Author:
Wu Shuangxi,Liu Yang,Zhu Yu,Xiao Huangqing,Zhang Zhan,Yang Ping
Abstract
In the evolving landscape of power systems, the integration of various renewable energy resources (RERs) introduces complex challenges, particularly in maintaining power quality, which are paramount for system stability. To address this issue, an adaptive power quality disturbance (PQD) detection framework is implemented in this paper. First, the optimal mode decomposition (OMD) is developed to decompose the compound PQDs into sub-ingredients to make them more visible based on the optimal energy ratio. Subsequently, we propose an improved attention convolutional neural network (IACNN), an advanced neural network architecture that leverages an enhanced attention mechanism to expedite the identification of PQDs. Importantly, the sub-ingredients can be strengthened based on the established PQD detection framework.
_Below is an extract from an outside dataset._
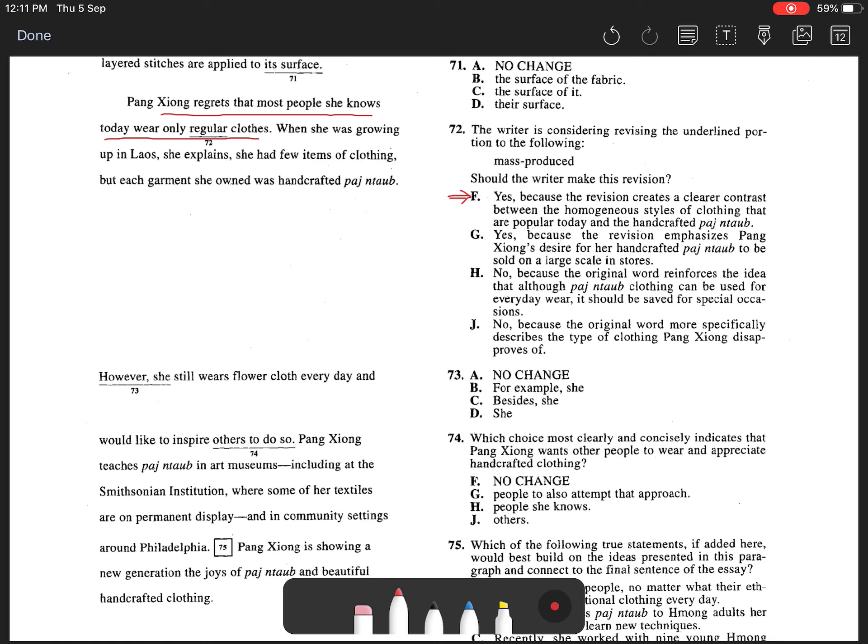This is contrasted later in the sentence when the writer states that Ziong had few items of clothing but each garment she owned was handcrafted pashnata. Since the two sentences show a contrast,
Finally, a series of experiments are conducted under different noise levels and various types of PQDs. The results demonstrate that the proposed framework has profound detection effectivity with about 99.2% accuracy under the simulation condition of 20 dB noise level. In addition, the experimental verification analysis proves a satisfactory real-time performance. This underscores the potential of the proposed framework as a significant advancement in the realm of power quality management, offering a robust solution to the challenges posed by the integration of RERs into modern power systems.